Tag Archives: mould making

Misadventures in Mouldmaking

Hi all,  I thought I would just post a bit of a primer for newer readers, and all the lurkers with perhaps a little less experience.

We are incredibly privileged to have as Members of ‘Neill Gorton’s Makeup FX 911’ Group on Facebook many of the worlds most talented Makeup FX Artists. We also have several sensational sculptors, magnificent mouldmakers, terrifyingly talented technicians and fantastic finishers.

Each of these areas is a speciality all on its own, and you could easily devote a lifetime to learning and developing your skills in just one particular area and still not know everything about it!!

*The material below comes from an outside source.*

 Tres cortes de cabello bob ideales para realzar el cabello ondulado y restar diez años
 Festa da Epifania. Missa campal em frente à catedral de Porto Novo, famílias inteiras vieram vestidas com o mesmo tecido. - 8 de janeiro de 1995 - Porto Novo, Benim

Most early career artists don’t start out with the intention of becoming, say, a great fibreglass mould maker, or a particularly expert seamer and patcher of foam latex and silicone. These skills are viewed as ‘less glamorous’ than something like sculpting or painting, or on-set application of prosthetics, although most people don’t even consider that by making a career out of honing a particular skill that it is possible to be more in demand as a specialist and get more regular work than a Jack-of-all-trades!

When we start out, it is natural to want to do EVERYTHING!

And, in our naiveté we often assume that if we are pretty good at one thing, we will be pretty good at all of it.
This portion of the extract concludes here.